Linking Indy Women kicked off 2015 with an energetic group of women gathered at the Speak Easy, eager to hear from an amazing woman and someone I personally have strong admiration for – Kim Graham Lee. This is what she shared with the group.
Love your roots.
Kim Graham Lee is not an Indiana native. But, boy, are we glad to have her. She hails from Wisconsin with childhood roots in the South. She loves that history. From an early age, she learned the value of expanding her horizons. She made the decision to attend a public school instead of an all-girls Catholic high school, which she claims to be one of the biggest life-guiding decisions she made at a young age.
Fast-forward, she happened upon Walker Information, where she would make an incredibly successful, research and data-driven, 20-year career that would continue to serve her well in everything else she did. She went on to ride the ups and downs of the dot com bubble, worked as the only woman in an executive role, learned from two startups that didn’t make it, and raised two children. Whew.
But from all that, she learned that she’s passionate about growing organizations and people. There’s a very unique stage in a company’s life when it needs to think about securing its place in the fabric of a community.
“I love taking organizations to that next level. … I like to grow things”
– Kim Graham Lee
Your life, your values.
Her story doesn’t stop there. She took on a CEO role at Indianapolis-based Vontoo, followed by a number of leadership positions, giving her 7 years of experiences that taught her something different at every step of the way.
“I don’t believe there’s such a thing as work-life balance. I believe that life is a blend, you just need to figure out what that blend is.”
This is true. I’m a firm believer in this approach as well. It’s much more realistic and it’ll keep us sane. But, there’s a line that we, as women, cross far too often. We often fall into the trap of taking care of others more and before ourselves. Kim said it best:
“Self care is not selfish.”
It’s thinking about what you need. Kim has learned, and hopes to pass on the message, that it’s ok to take a breather. It’s ok to prioritize taking care of yourself.
“There’s only one life to live.”
This message took on a particularly dark meaning in her life when she learned about how far bullying had gone with her son, then in high school. And, he wasn’t alone. She took it upon herself to find out to what extent bullying was touching the lives of other kids in that school. She uncovered a lot. And, made a huge impact on young lives.
Service continues to be a big part of Kim’s life, as she volunteers at St. Mary’s Child Center, a pre-school for at-risk 3- to 5-year-olds.
For Kim, rising up also means passing on – passing on her learnings as a woman leader so others can become leaders, too. We have challenges to overcome; but we, as women, still have a lot of work to do to encourage a balance of power across genders in the workplace.
“Be true to yourself.”
Rising up also means being easier on ourselves. This resonates with me – and probably many of you.
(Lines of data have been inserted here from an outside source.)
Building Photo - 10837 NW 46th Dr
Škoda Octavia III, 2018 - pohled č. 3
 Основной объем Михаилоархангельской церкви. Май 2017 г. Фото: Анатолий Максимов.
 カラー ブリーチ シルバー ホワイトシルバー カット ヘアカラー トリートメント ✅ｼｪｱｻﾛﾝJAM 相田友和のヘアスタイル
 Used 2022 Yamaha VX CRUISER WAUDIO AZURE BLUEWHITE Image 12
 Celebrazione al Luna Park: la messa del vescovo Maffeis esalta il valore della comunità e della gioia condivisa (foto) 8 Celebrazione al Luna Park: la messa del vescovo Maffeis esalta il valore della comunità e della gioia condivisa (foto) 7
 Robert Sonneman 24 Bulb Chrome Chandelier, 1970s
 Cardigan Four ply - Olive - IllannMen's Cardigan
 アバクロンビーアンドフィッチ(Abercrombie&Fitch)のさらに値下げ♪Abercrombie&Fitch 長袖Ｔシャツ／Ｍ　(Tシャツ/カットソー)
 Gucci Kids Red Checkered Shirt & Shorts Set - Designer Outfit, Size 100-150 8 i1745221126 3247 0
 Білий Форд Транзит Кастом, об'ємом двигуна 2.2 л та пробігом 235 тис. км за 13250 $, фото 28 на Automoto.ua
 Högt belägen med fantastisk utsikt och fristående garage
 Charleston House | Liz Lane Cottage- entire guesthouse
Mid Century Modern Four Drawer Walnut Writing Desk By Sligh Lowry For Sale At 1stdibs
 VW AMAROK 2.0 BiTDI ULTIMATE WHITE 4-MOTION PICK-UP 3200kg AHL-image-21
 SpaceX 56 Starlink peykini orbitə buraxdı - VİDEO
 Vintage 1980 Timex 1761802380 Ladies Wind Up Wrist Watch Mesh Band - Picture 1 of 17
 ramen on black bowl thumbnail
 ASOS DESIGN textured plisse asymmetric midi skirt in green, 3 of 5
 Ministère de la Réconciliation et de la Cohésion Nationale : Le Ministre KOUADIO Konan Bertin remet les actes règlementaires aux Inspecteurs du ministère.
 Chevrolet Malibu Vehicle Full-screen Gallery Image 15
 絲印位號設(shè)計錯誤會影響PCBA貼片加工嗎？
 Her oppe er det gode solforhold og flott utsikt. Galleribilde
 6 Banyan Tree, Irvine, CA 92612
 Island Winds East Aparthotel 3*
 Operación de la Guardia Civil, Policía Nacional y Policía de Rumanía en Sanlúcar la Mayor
“There’s a huge difference between excellence and perfection.”
We all need to strive for excellence, not perfection. And, learn how to differentiate between the two, because it’s easy to inherently think of them as one and the same.
Finally, talk about your successes. How is anyone going to give you credit if they don’t know what to give credit for? I’m about to make a generalizing comment (fair warning): Men do this better than women. Push yourself to do this better, and you’ll rise up.
Today, Kim is channeling her experience and her passion to teach others to become leaders in the home, community and the workplace with her own startup, trueU.
“If you help others become leaders in those other spaces, they will bring it in to the workplace.”
Kim is an inspirational woman who has been through her fair share of challenges in life. She’s prevailed every time and lives to not only tell the tale, but teach others from it. That’s her mission and her calling. That’s what trueU is about.
I encourage you to check it out. At the very least, always remember – in Kim’s words – to “be yourself” and let others be themselves. This is her recipe for success.